Ok, I'm posting this fearing that it might be closed before anyone ever reads it - I'm quite used to that - but I'll give it a try... even pointing me to the right direction or some existing answer that does contain a specific answer would definitely do...
So, after this brief intro... I'm currently writting a bytecode interpreter, in C, (stack-based VM) for a programming language I have designed.
If you want to have a look at the supported opcodes, feel free to check them out here: https://github.com/arturo-lang/arturo/blob/master/src/vm/opcodes.h
There is nothing really special about the stack machine.

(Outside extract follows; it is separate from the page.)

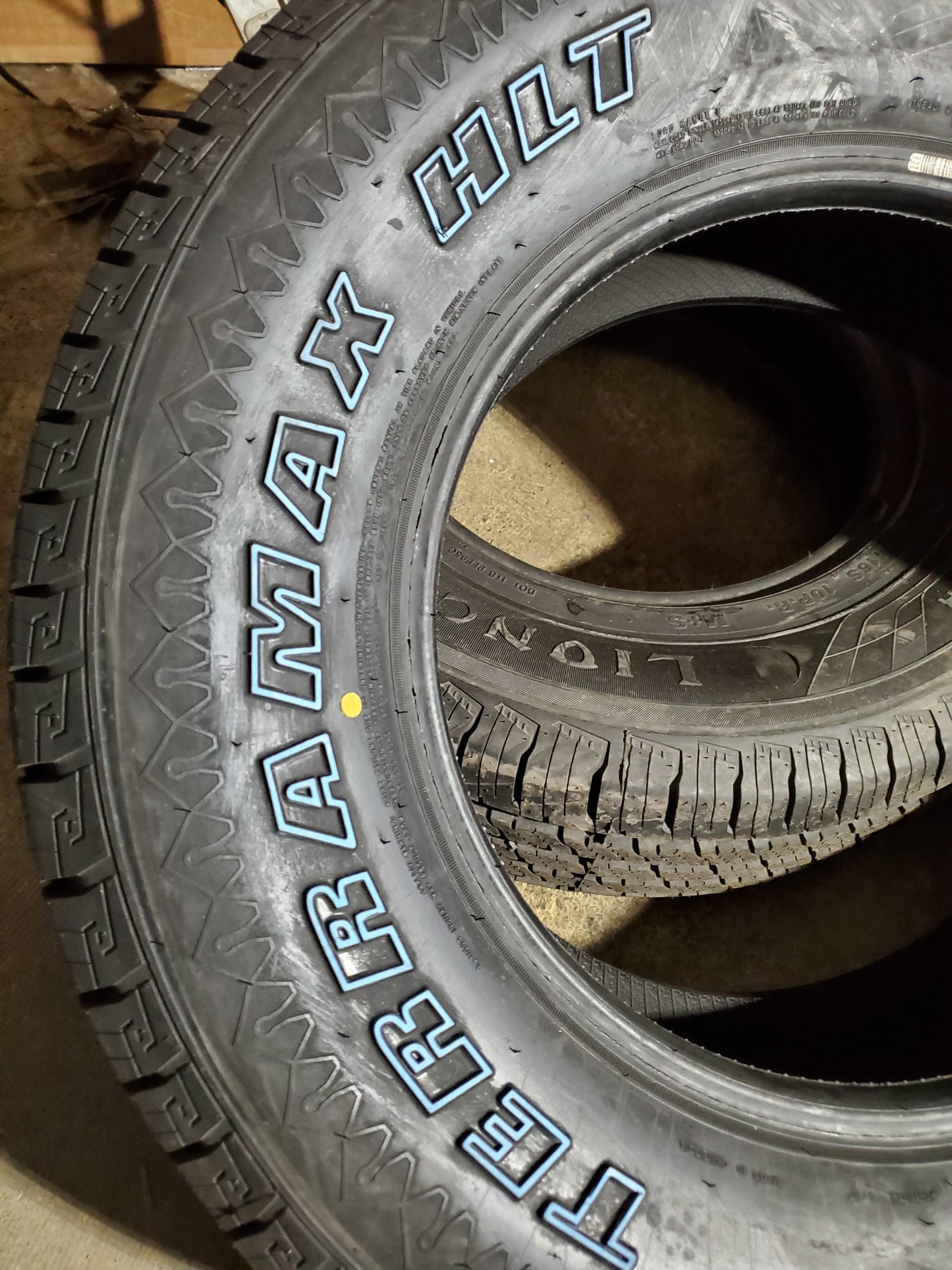 SAILUN TERRAMAX HLT BSW LT 265 70 17 121/118S 10PLY ALL SEASON TIRE 5542798
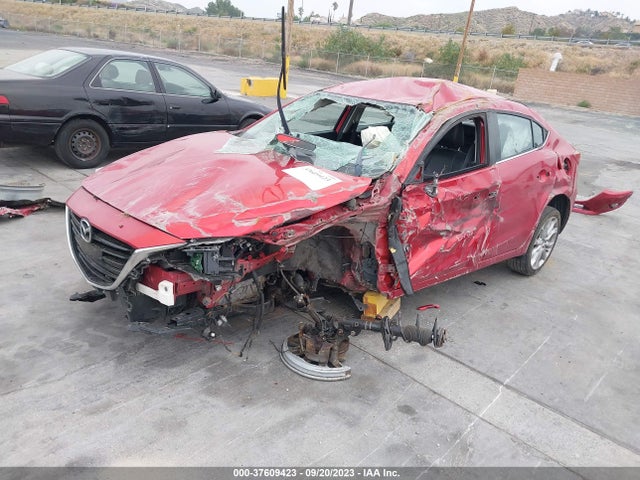 Mazda Mazda3 S Touring 2014 JM1BM1V35E1189316 Image 2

Values are being pushed and popped, and operators and functions work on them, pushing the evaluation result back to the stack. So far so good.
Now, I'm at the point where all the core functionality is in and I'm trying to give it an extra boost by doing further optimizations.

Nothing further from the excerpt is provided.